Уже доказано, что человек с университетским образованием быстрее проходит переквалификацию на рынке труда. То есть вы должны поддерживать общее образование как можно дольше. Что касается средней школы. Наши школьные команды влет выигрывали все международные математические олимпиады, олимпиады по физике. Всегда считалось, что отечественная школа лучше. И если вы говорите, что вам нужно что-то поменять, провести какую-то реформу, вы должны сначала сказать, что плохо было, что не устраивало. Но говорят, результаты ЕГЭ плохие. То есть не было бы ЕГЭ – не было бы плохих результатов.
– Ну, вероятно. Зато теперь китайцы по математике, по программированию одни из лучших стали.
– Вы знаете, это немножко не наш сюжет. Я живу в конкретной стране.

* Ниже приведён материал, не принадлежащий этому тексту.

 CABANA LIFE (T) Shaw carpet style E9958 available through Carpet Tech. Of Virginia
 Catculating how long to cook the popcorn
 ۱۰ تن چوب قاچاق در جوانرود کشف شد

– Это просто такой печальный факт.
– Уезжать я не собираюсь. Знаю, что у меня есть единомышленники, есть друзья.
– Давайте завершать конференцию. Хотелось бы узнать. Есть ли у вашей партии офис, электронная почта и вообще как к вам обращаться? И вы до начала конференции просили слово по отношению к своим сторонникам.

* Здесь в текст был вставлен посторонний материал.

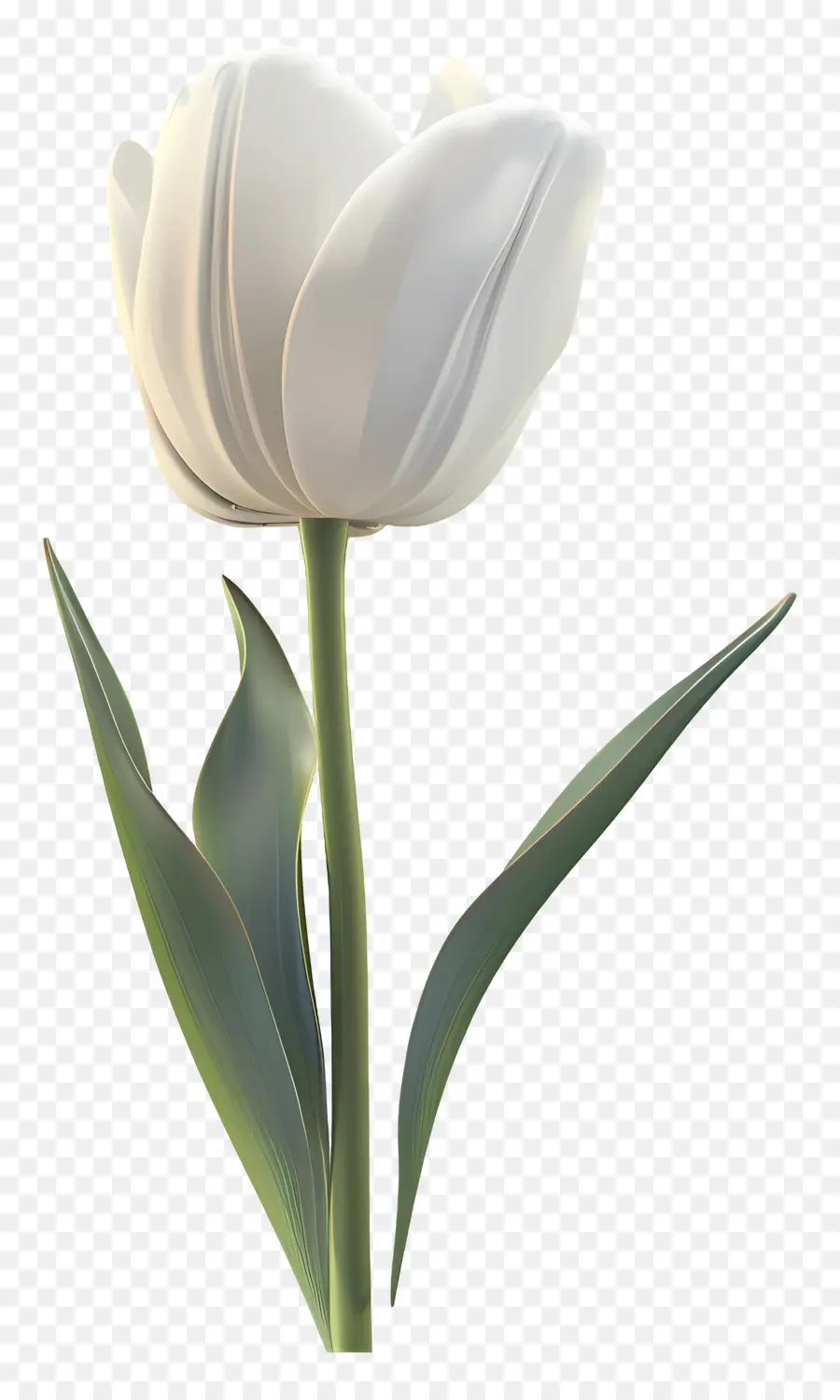 Tulipe Blanche，Tulipe En Plastique PNG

– Значит, офис мы стараемся открыть. Это очень сложно, реально очень сложно. У партии нет денег. Тут какой-то один из комментаторов подсчитал до копеечки сумму, которую мы получаем. Во-первых, у нас нет понимания людьми, что те, кого бы они хотели видеть у власти им нужно как-то помогать. Я здесь имею в виду не простых граждан, хотя мы поддерживаем свою партию. Мы с 2007 года вообще без копейки были. Более того, партия была под угрозой огромного гигантского штрафа из-за того, что она не преодолела в 2007 году трехпроцентный барьер. То есть нужно было вернуть эти деньги назад. Для нас это было бы просто убийством. А вот что касается вот этих вот 112 миллионов, сколько бы ни было. Вот в этом году мы федеральная партия. В этом году в стране будет десять тысяч выборов. Что касается последних выборов в Удмуртии, где я участвовал – я не буду перечислять бюджеты других партий. Ближайшая к нам партия, у них в 70 раз больше. Понятно, мы можем пользоваться только бесплатным эфиром, в основном. Нам отказывают (в Удмуртии нам просто отказали) и все.
– И все-таки за счет чего живете, как партия? Взносы или какой-то бизнес?
– Взносов в партии нет. Если мы что-то проводим, то мы финансируем сами. Например, мы организовывали крымскую помощь – собрали деньги. Или опять же выезжая куда-то помогать нашим товарищам в другие регионы, мы тоже собираем деньги. Естественно, что все делаем за свой счет. Мы убеждены, что этим нужно заниматься. Мне 44 года. Я со своей карьерой определился и мне больше ничего не надо. Мне хочется провести во власть тех людей, которым я мог бы доверить судьбу своего ребенка. Ведь такое правило подбора кандидатов в «Яблоко» было всегда. Вы должны выбирать тех людей, которым можете доверить своих детей. Я надеюсь, сто у нас все получится, и мы сможем предоставить выбор горожанам. Времени мало осталось.
– Вы хотели что-то сказать сторонникам партии.
– Да, я хотел сказать буквально пару слов. Потому что возможности обратиться не было. Дорогие друзья, жизнь не простая. Полтора года назад немножко казалось по-другому. Спасибо, что вы нашли нас, поддержали. Для меня это было неожиданно. Это связь вот такая. Вы голосуете – мы появляемся. До встречи. Мы обязательно увидимся.